> **Your instructions**: Copy the data exactly. Images are the one exception.

> **Material provided**:
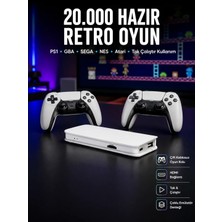 Retro Oyun Konsolu – 20.000 Yüklü Oyun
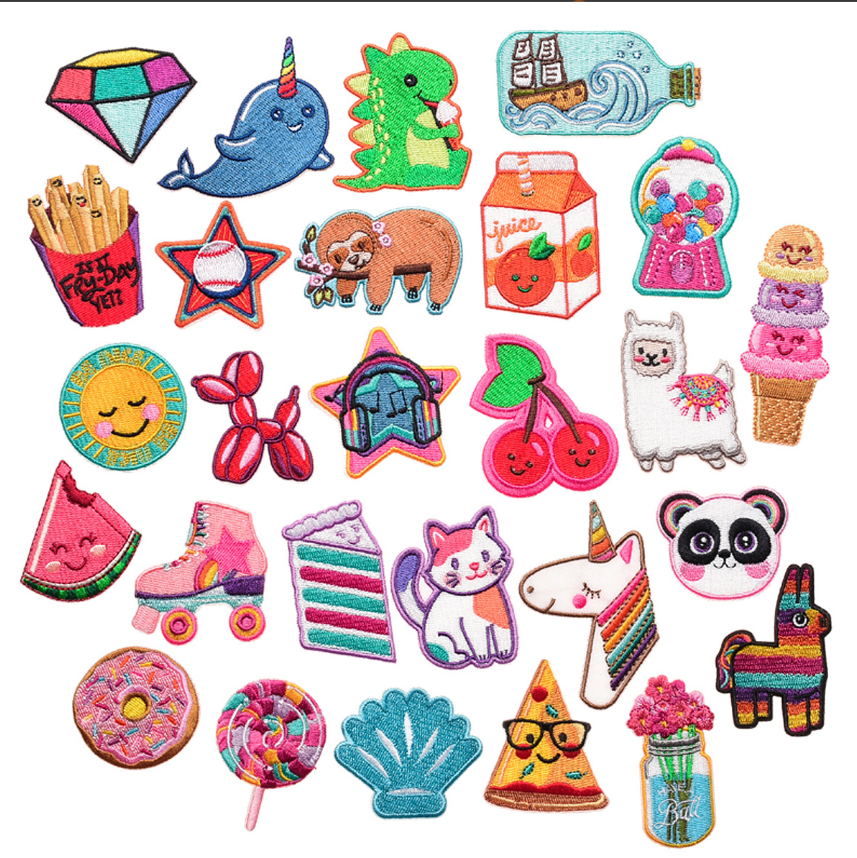 Phone Accessories Pictures - 10 шт. нашивки с вышивкой в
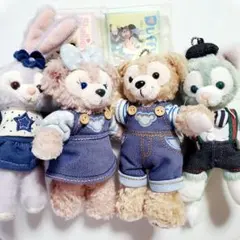 ダッフィー&フレンズ デニムシリーズ シェリーメイ ジェラトーニ ステラルー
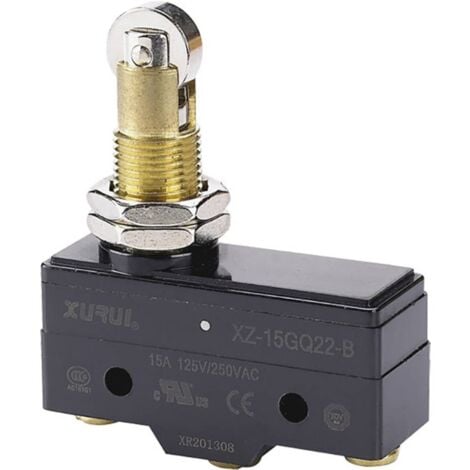 Microrupteur 250 V/DC 15 A 1 x On/(On) XZ-15GQ22-B momentané 1 pièce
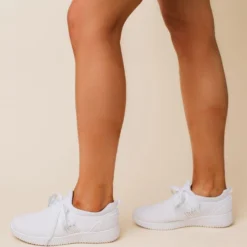 Lucy Avenue Luley Lace Up Sneakers White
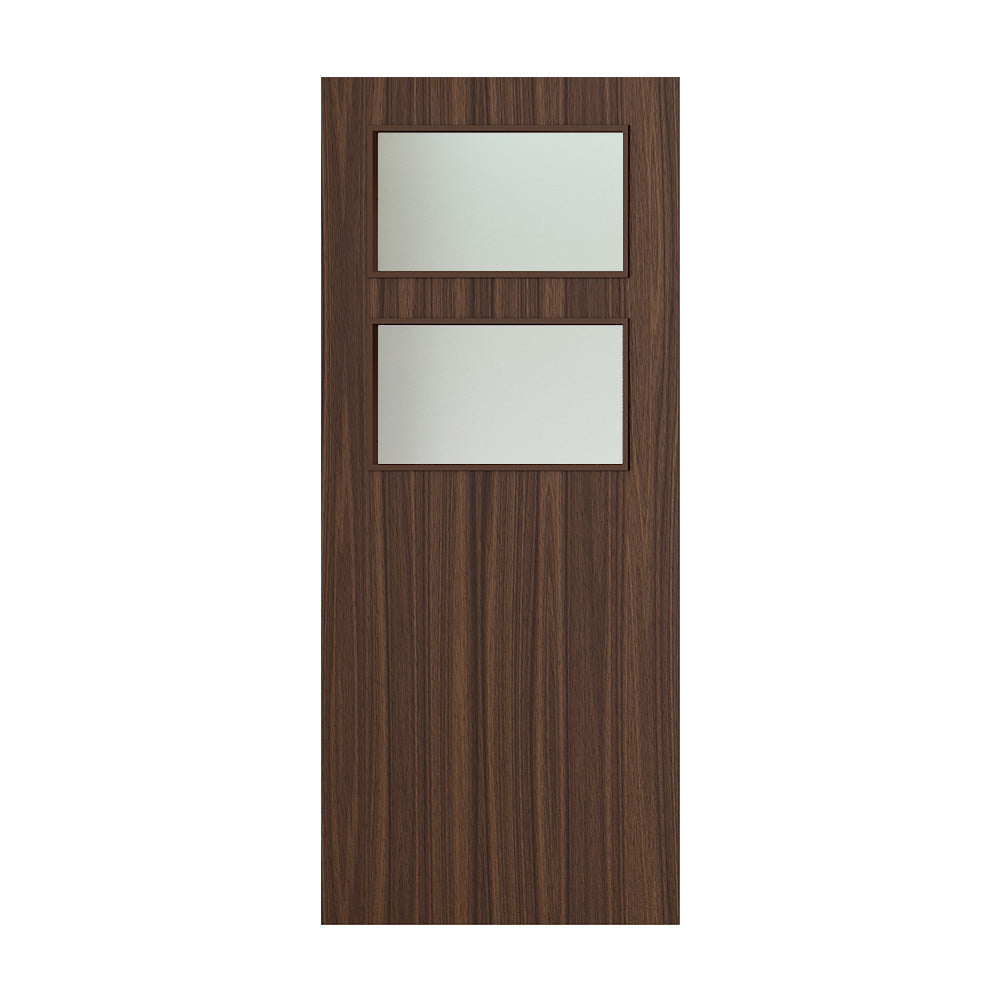 Deanta Flush Prefinished Walnut FD30 Option 02 30M Satin Glaze Certifire CF5740 FSC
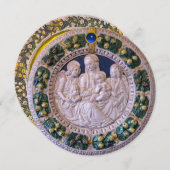 ヴァージンの子供と天使のフローラクラウンクリスマス 招待状 (正面/裏面)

> **Answer box**:
 Retro Oyun Konsolu – 20.000 Yüklü Oyun
 Phone Accessories Pictures - 10 шт. нашивки с вышивкой в
 ダッフィー&フレンズ デニムシリーズ シェリーメイ ジェラトーニ ステラルー
 Microrupteur 250 V/DC 15 A 1 x On/(On) XZ-15GQ22-B momentané 1 pièce
 Lucy Avenue Luley Lace Up Sneakers White
 Deanta Flush Prefinished Walnut FD30 Option 02 30M Satin Glaze Certifire CF5740 FSC
 ヴァージンの子供と天使のフローラクラウンクリスマス 招待状 (正面/裏面)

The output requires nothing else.